Simon Inglis’ Football Grounds of Britain (2nd edition) records that the first private boxes were installed in the north stand at Old Trafford and the west stand at Stamford Bridge in 1965. He notes (p. 236) “United had 55 five-seaters, with loudspeakers to relay the crowd noise, telephone and television sockets, central heating and their own bar and meal service, all for an annual rent of £250 or £300.” The concept was introduced to the club directors by the architects of the stand redevelopment in preparation for the use of the ground to host the 1966 World Cup finals.

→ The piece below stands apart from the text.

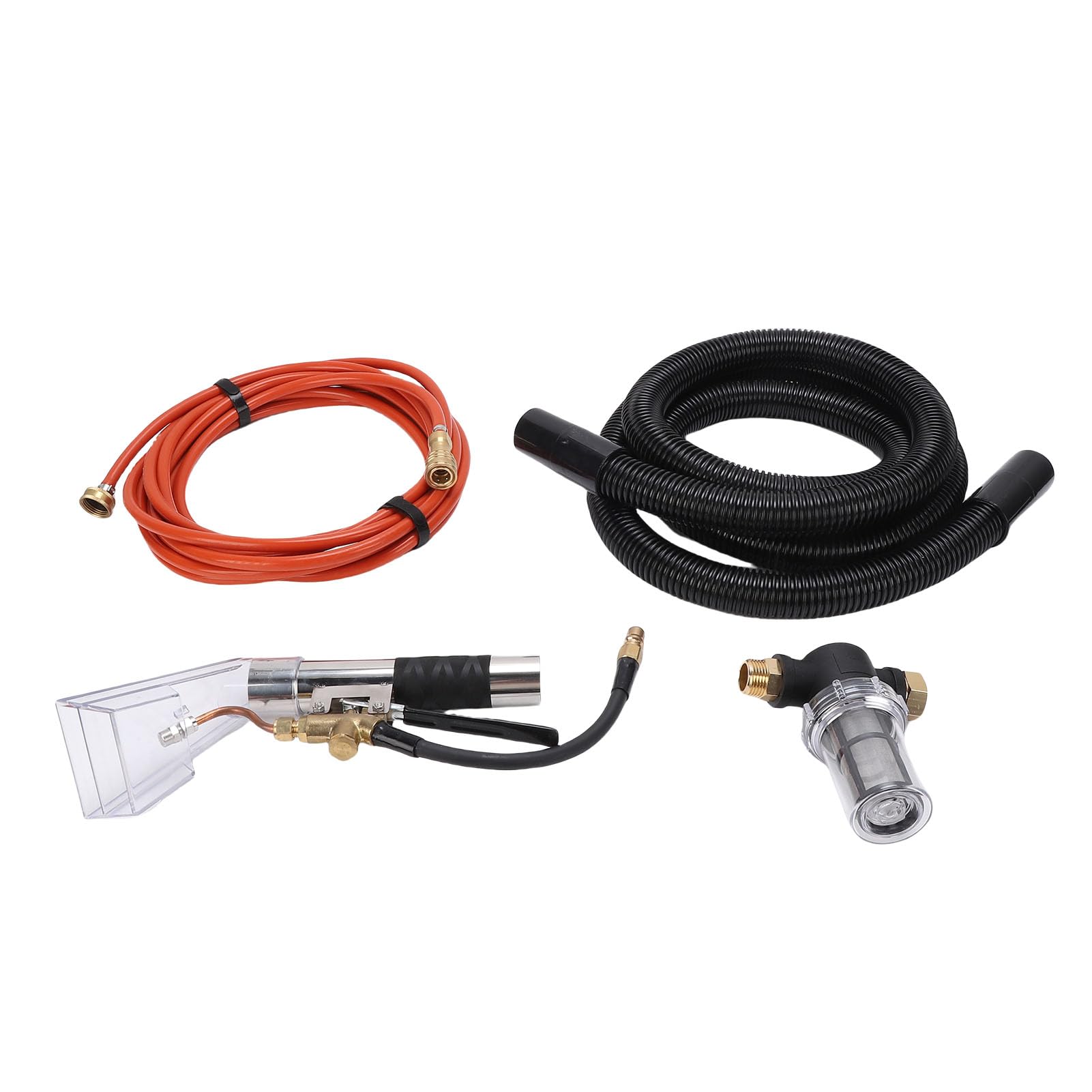 JTLB Kit de limpieza de alfombras, potente limpiador de muebles con succión eficiente para tapicería, sofás, colchones, coches y más, kit de manguera de aspiración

The same architects had recently installed a new grandstand at Manchester Racecourse with executive boxes.
Some initial research indicates that the major racecourses and Lord’s Cricket Ground had boxes for hire from the mid- to late 19th century onwards (see, for some examples, The Times 9 June 1869 for Ascot Racecourse and 13 July 1889 for Lord’s).
The concept, therefore, was not new to sport and its introduction to soccer grounds in the mid-1960s is perhaps a recognition that the People’s Game was no longer directing its marketing resources solely at the working class men who had formed the core of fans since the game had developed as a spectator sport.

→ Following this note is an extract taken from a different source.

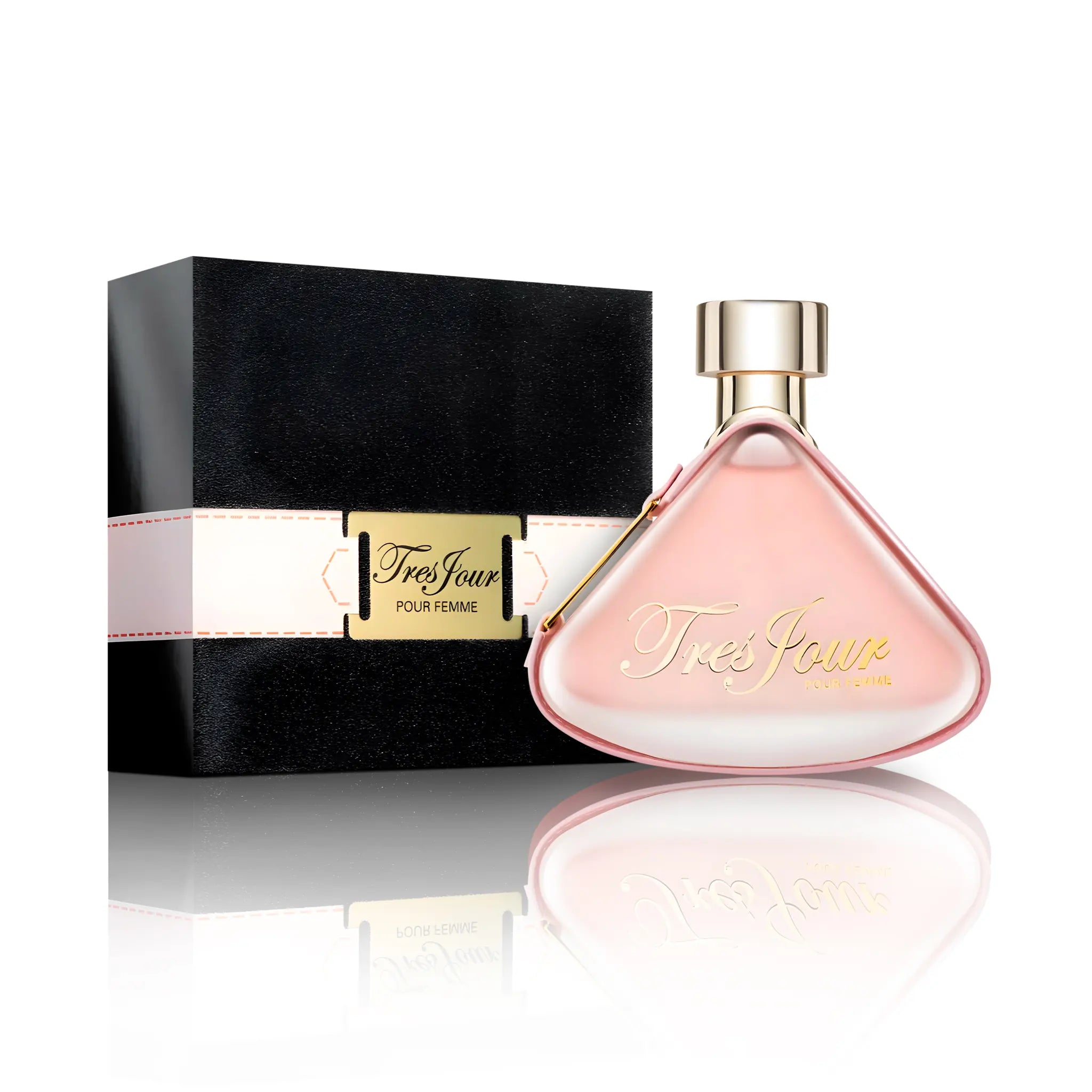 Frasco y caja de Tres Jour Armaf Eau de Parfum Para Mujer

More surprisingly, it wasn’t just Manchester United and Chelsea that introduced executive boxes in the mid 1960s as this extract from the Manchester Football Pink and Evening News from 3 September 1966 shows:
Oldham Athletic should be presented with a medal as big as the Free Trade Hall for building a row of warm, comfortable boxes for their more affluent spectators at Boundary Park.
Stretching along the lower front of the main stand, there are nine boxes for seating 80 people who have a clear, uninterrupted view of the match through armour-plated glass.
They are heated, have loudspeakers for relaying club information, there is a waitress service for refreshments and each ticket-holder automatically becomes a member of the club’s licensed premises.
Each box seat costs £12 10s, some seat 10 people, some six. The waitress tray service for refreshments is organised by the Supporters’ Club.
Oldham (a Third Division club at the time) actually had more executive boxes than Chelsea (where there were only five)! It would be interesting to know what take up there was and how long they lasted.